Direction of gradient from level surface? In the diagram below, we see a level surface with a gradient.
As a consequence of the multivariable chain rule, the gradient is normal to the surface. That's clear to me.
Why is the gradient pointing outward rather than into the sphere?
I understand that if it were, it would be a negative gradient, but that's a consequence, not an explanation.
Why does the gradient have to point away from a level set rather than into it?

 A: Gradient points towards the direction in which function value is increasing (in maximum sense). I guess the value of the function is increasing as you move away from the origin as I can see from the level curves. Hence it is pointing away from the origin.
Elaboration:
Say you are in mountain, then all rings at constant heights are level curves. Now the gradient is the direction in which if you move the value of the function (the height) will increase, also if you take the negative gradient direction, you will start descending. Question is why it happens.
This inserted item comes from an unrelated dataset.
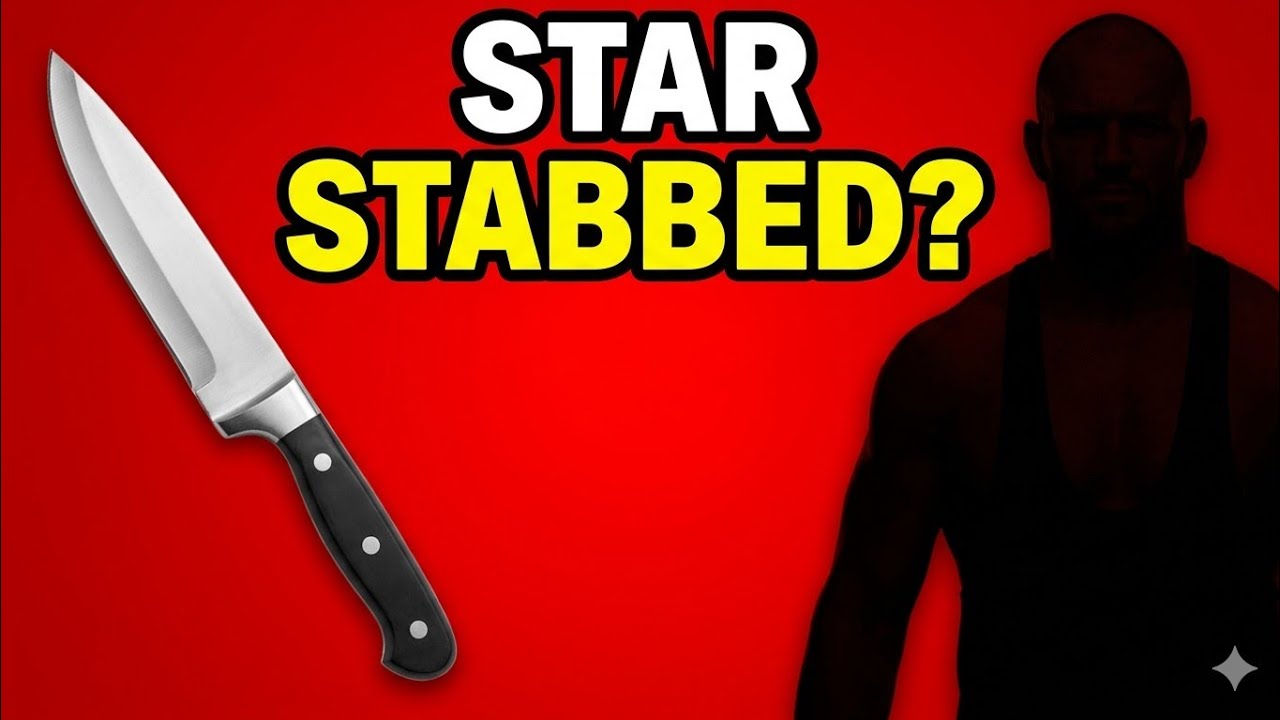 MASSIVE WWE Star STABBED Before WWE RAW Tomorrow Night! WWE News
The answer lies in how slope is defined. Take one variable case, say $\frac{\partial f}{\partial x} $, if this is positive then going along the direction of the slope (i.e. increasing $x$) will increase the value of my function. If the slope is negative, the function value will start increasing as we move along the slope (in -ive $x$ direction, remember the slope is negative) . The similar analogy applies to multivariable case. 
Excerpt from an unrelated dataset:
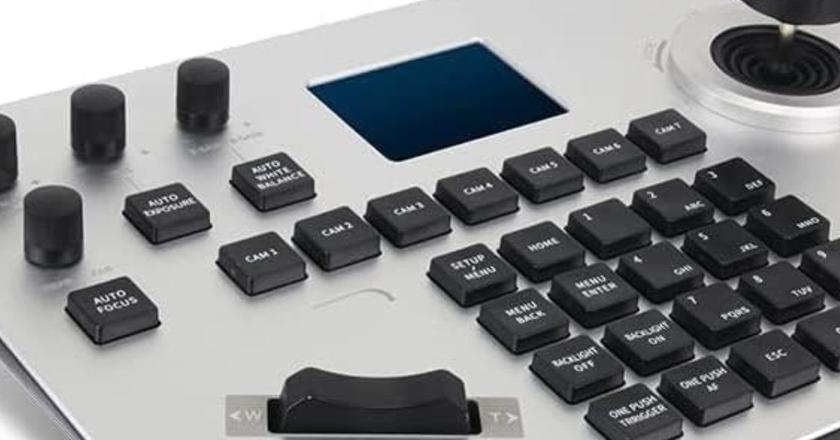 SMTAV PTZ-Joystick-Controller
Please refer a good text (may be Thomas), first learn how slope is defined in arbitrary direction, and then see how it applies in gradient case (using dot product).
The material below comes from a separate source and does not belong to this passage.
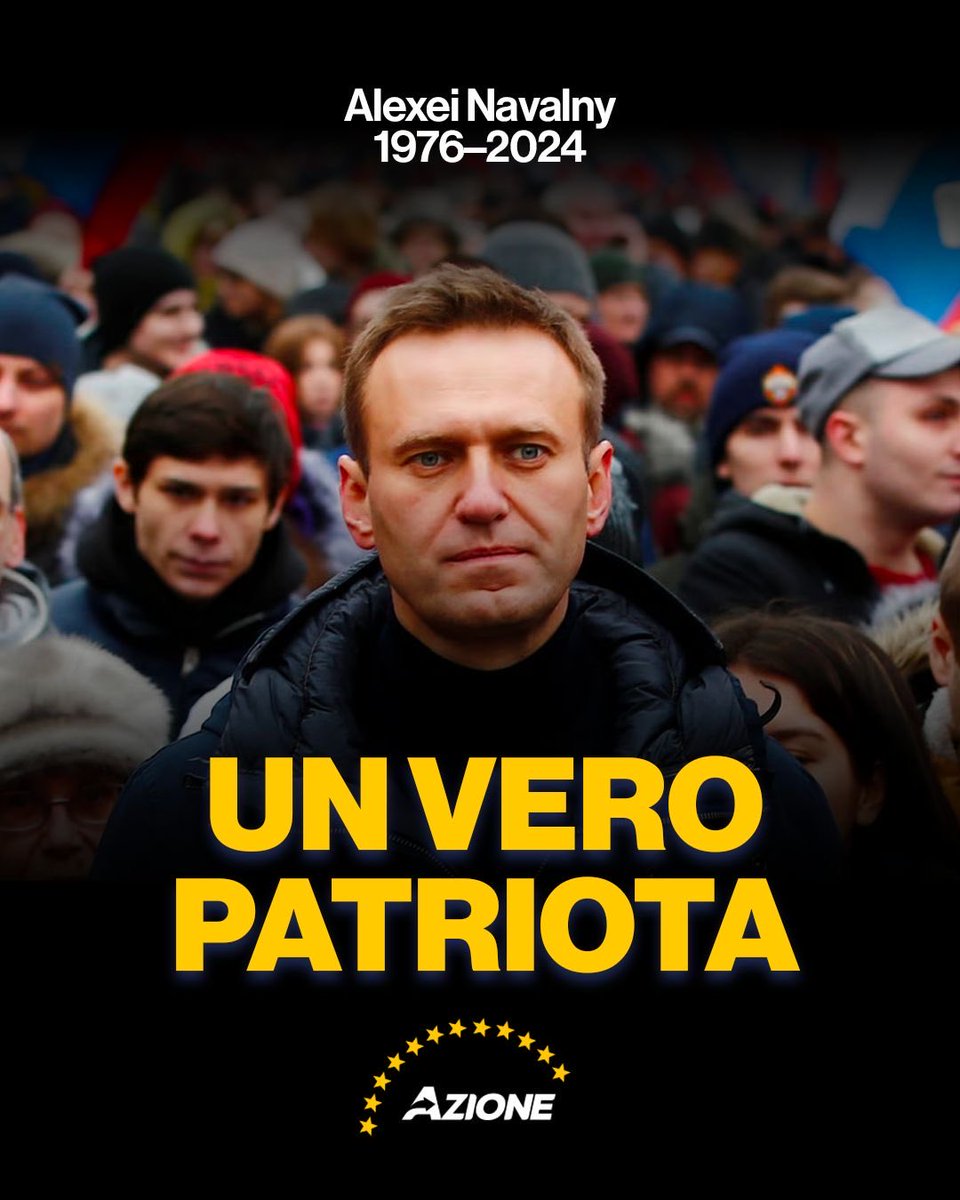 La vita di Alexei Navalny è stata la vita di un uomo libero, di un vero patriota.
A: That's not always true.
In general, the gradient points towards arguments in which function value is higher. Therefore, a gradient pointing "outwards" indicates that we need to move outwards to find higher function values, but sometimes we find higher function values by moving inwards. This depends on what "outwards" means, because we usually get it from context and don't define it rigorously. And it also depends on which function we use to define the gradient, because we don't get a gradient from a surface alone.
Consider the sphere $x^2+y^2+z^2=r^2$. This is a level set of $f(x,y,z)=x^2+y^2+z^2$, and in this case the gradient of $f$ points "outwards" because we took $f$ such that higher values of $f(x,y,z)$ correspond to spheres with higher radii. But we could also consider this sphere as a level set of $g(x,y,z)=(x^2+y^2+z^2)^{-1}$ or $h(x,y,z)=-(x^2+y^2+z^2)$ and in this case the gradient points inwards, because higher values of $g(x,y,z)$ correspond to spheres with smaller radii.
Similarly, the level curves of the mountain $f(x,y)=-x^2-y^2$ are circumferences and for this $f$ the gradient points inwards. But for $g(x,y)=x^2+y^2$ (the valley) or $h(x,y)=(-x^2-y^2)^{-1}$ the gradient points outwards.
Of course, we could get a different surface normal by taking the opposite of one of these gradients or by redefining the gradient in such a way that it points in the direction of decrease, but that's not the question here. We're assuming the usual definition of gradient, that is coherent with the way derivatives are defined in the one variable case.